A Complete Training

June 10, 2023

Years back, I read a book that posited two kinds of Buddhism. One was called the Buddhism aimed at merit, and the other was the Buddhism aimed at nibbana. The author presented them as two very different kinds of Buddhism. The first was all about the pleasures of samsara, and the other was focused on the drawbacks of samsara. They seemed to be heading in different directions.

But as you start actually practicing the Dhamma, you find that the two go together. You’re trying to understand your mind. The best way to understand the mind is to realize it’s not just mind, it’s heart as well. The functions that we assign to the heart in English and the functions that we assign to mind all come under the one word citta in Pali. You find this also in many other languages in Asia that have been influenced by Buddhism. After all, your desires, your intentions have their reasons, and your reasons have their desires. There’s no clear line between them.

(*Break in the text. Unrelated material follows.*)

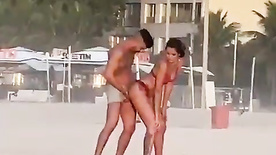 casal amador fazendo sexo na praia de dia no Rio de Janeiro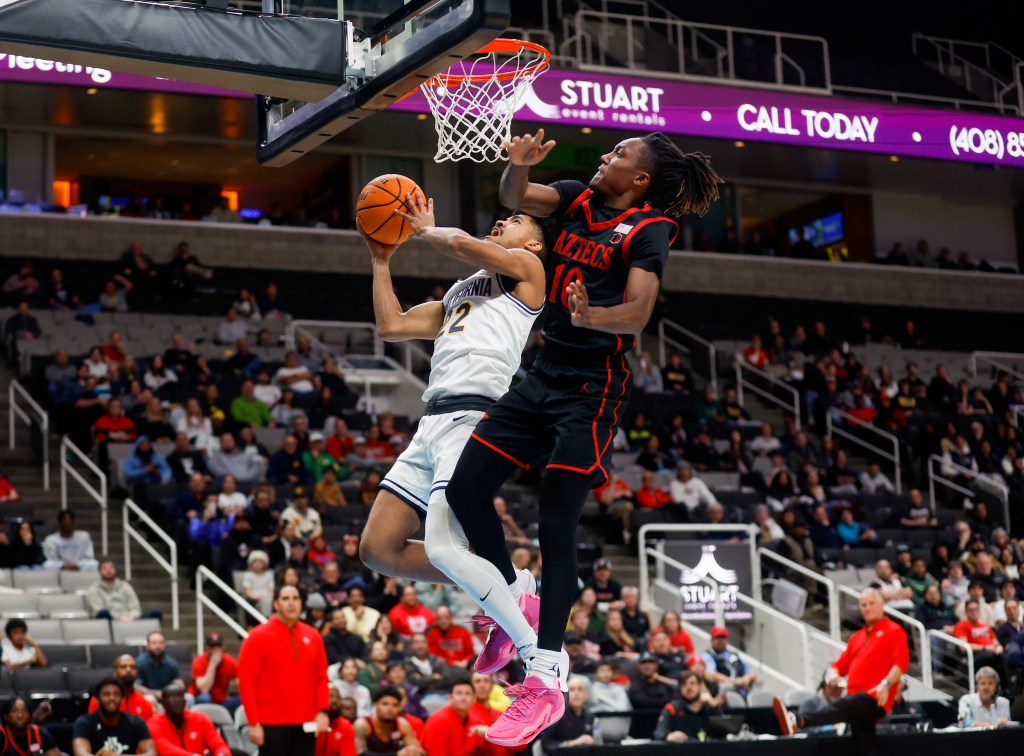  San Diego State strangles Cal offense, holds Golden Bears to 50 points after barely making it to arena on time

As we develop merit—or goodness, basically—through generosity, virtue, and the development of goodwill, we’re learning about how to construct good states of heart and mind, and to have a good influence on the world around us. After all, this is the world in which we’ll be practicing, so you want to create a good environment. At the same time, if you’re going to be watching your mind, which is what you have to do in order to get beyond the constructs of the mind, it’s easiest to watch when you’re doing good things, as when you’re developing good habits in the heart.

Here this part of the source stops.